Final answer:
The function f(x)=3x^3−3x^2+2 has two critical numbers; x = 0, which leads to a relative maximum, and x = 2/3, which leads to a relative minimum, as determined by the second derivative test.
Step-by-step explanation:
To find the critical numbers for the function f(x)=3x^3 −3x^2+2, we first calculate its first derivative, f'(x). The critical numbers are the values of x for which the first derivative is zero or undefined. After finding the critical numbers, the second derivative test can be applied to determine the nature of these points, whether they're relative maxima or minima.
First, let's find f'(x):
f'(x) = d/dx (3x^3 - 3x^2 + 2) = 9x^2 - 6x
To find critical numbers, set f'(x) = 0:
9x^2 - 6x = 0
x(9x - 6) = 0
This gives us two critical numbers: x = 0 and x = 2/3.
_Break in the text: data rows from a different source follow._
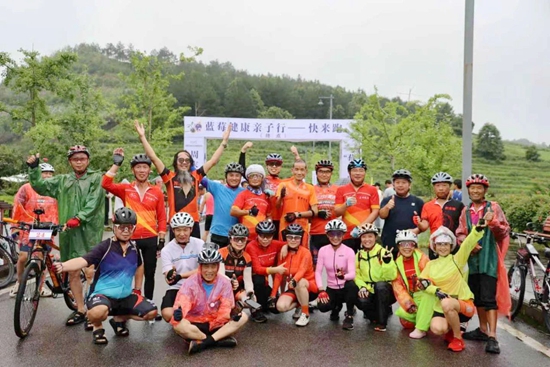 貴州麻江第九屆藍莓文化旅遊節開幕 邀您共赴夏日盛宴_fororder_微信圖片_20250623115715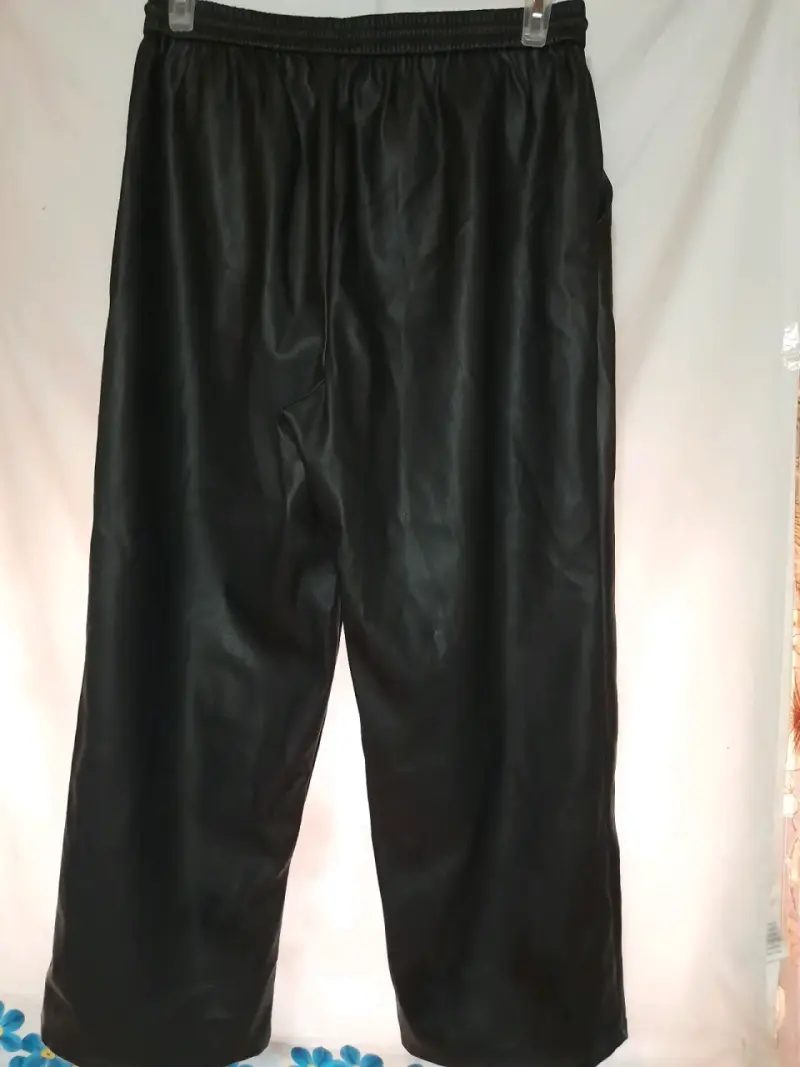 Pantalones de cuero sintético negros - 2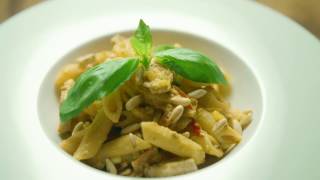 Penne mit Schweinsgeschnetzeltem  Rezepte von David Geisser [upl. by Ramar472]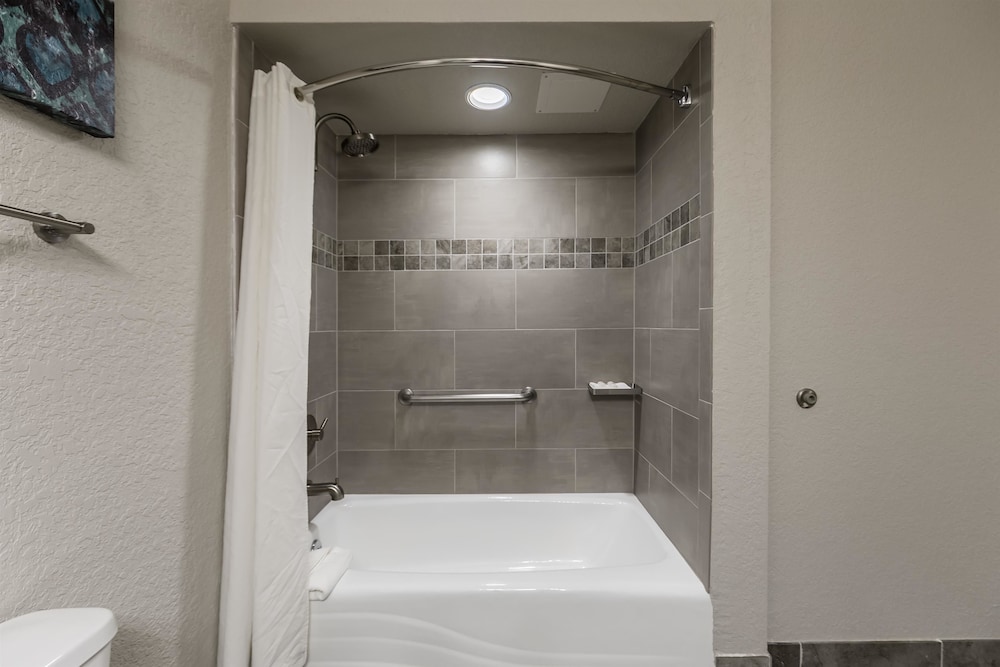 Standard Suite, 1 King Bed, Non Smoking, Jetted Tub - Photo 5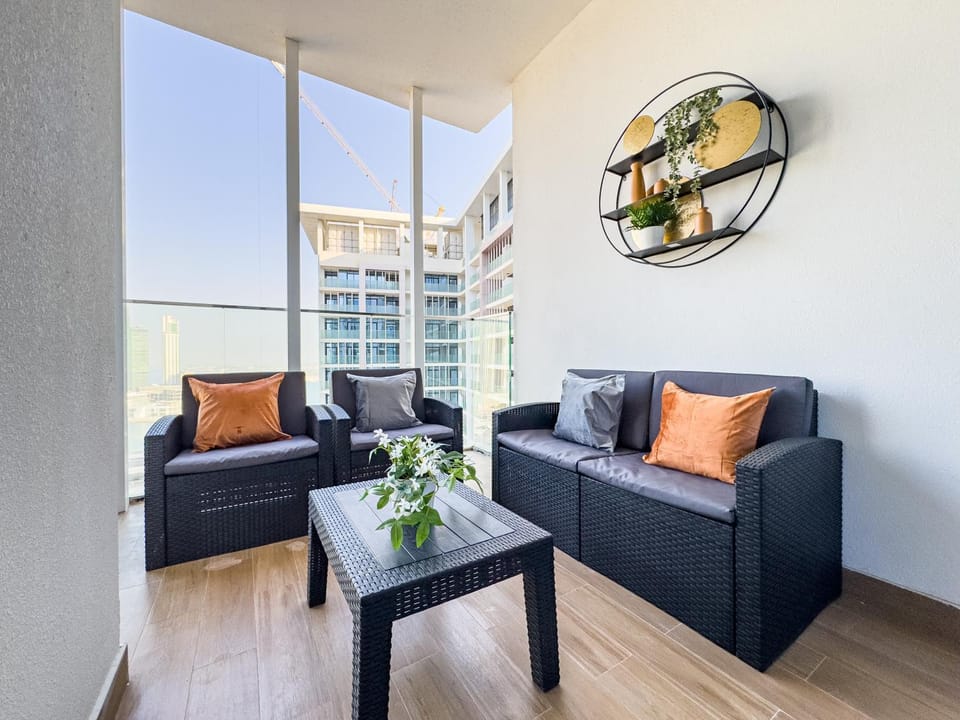 Sleek & Modern 1BDR - Huge Balcony - 3 min walk to ADGM - Cleveland - Galleria - Upgraded Apartment in Abu Dhabi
Next, we calculate the second derivative, f''(x):
f''(x) = d^2/dx^2 (3x^3 - 3x^2 + 2) = 18x - 6
Now, apply the second derivative test at each critical number:
- f''(0) = 18(0) - 6 = -6, which is less than 0, indicating a relative maximum.
- f''(2/3) = 18(2/3) - 6 = 6, which is greater than 0, indicating a relative minimum.
If the second derivative test were inconclusive, we would then apply the first derivative test by analyzing the sign of the first derivative around the critical numbers.